Il nous propose dans Les Anormaux : Les meurtres par euthanasie en Allemagne (1939-1945), une étude consacrée à la mise à mort médicalisée, de ceux qu’il appelle les belasteten, c’est-à-dire, littéralement, « ceux qui représentent un poids », dans le cadre du programme d’état Aktion T4. Autrement dit, 200 000 individus, enfants compris, affectés d’une déficience mentale, de maladies incurables ou de difformités physiques nécessitant des soins permanents les rendant inaptes à une activité professionnelle, auxquels il faut ajouter 350 000 personnes stérilisées de force dans la période 1933-1940. Au-delà de l’étude des méthodes, il s’agit surtout de s’interroger sur les conditions de faisabilité et d’acceptabilité de ces meurtres pratiqués sous les yeux même de la société allemande.
Partagé en 17 chapitres rédigés dans un style très journalistique, l’ouvrage fait état de redoutables problèmes méthodologiques: difficulté d’accès à des archives encore protégées par l’état (surtout en ex-RDA), poids du silence et de la culpabilité dans les familles de victimes, interprétation des sources complexifiée par la novlangue nazie, littérature lacunaire sur ce sujet.
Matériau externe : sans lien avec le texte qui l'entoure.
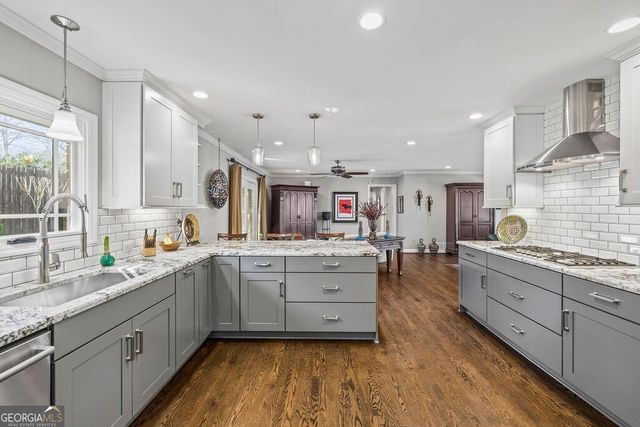 2318 Midvale Circle, Tucker, GA 30084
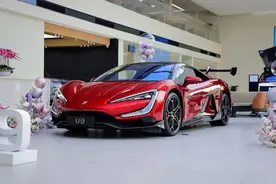 国产百万级纯电超跑，来看看仰望U9四个优点两个缺点图片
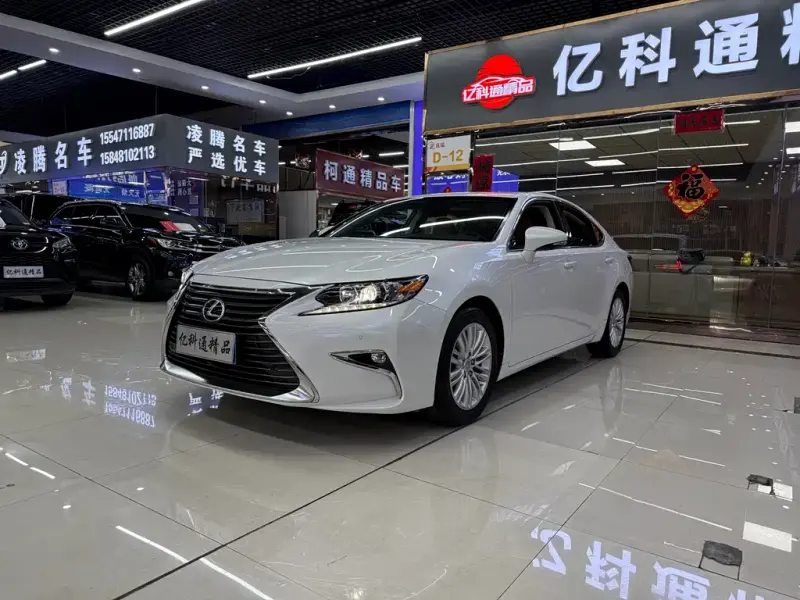 Lexus ES, 2016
Ce texte permettra donc au lecteur d’approfondir sa connaissance d’un aspect du nazisme dont l’étude est en plein renouvellement, l’eugénisme et l’euthanasie des « non conformes », et il donnera au public enseignant un outil pour enrichir les cours consacrés aux régimes totalitaires en classes de troisième et première mais aussi ceux consacrés au génocide.
LE CONTEXTE INTELLECTUEL
Le livre s’ouvre sur l’étude du tournant à la faveur duquel, dès les années 1920, le monde de la psychiatrie allemande, s’interroge sur la pertinence de laisser en vie des patients incurables ou « inutiles » et donc sur le droit des médecins à les euthanasier. Si une large part d’entre eux y est idéologiquement favorable, on ne les trouve pas seulement chez les nationaux socialistes convaincus, mais surtout parmi les plus progressistes des réformateurs sociaux allemands. Ils publient leurs théories dans des revues spécialisées et sondent les familles sur l’opportunité de les « soulager du poids » des patients non réactifs aux thérapies classiques, nourrissent une active propagande sur la question.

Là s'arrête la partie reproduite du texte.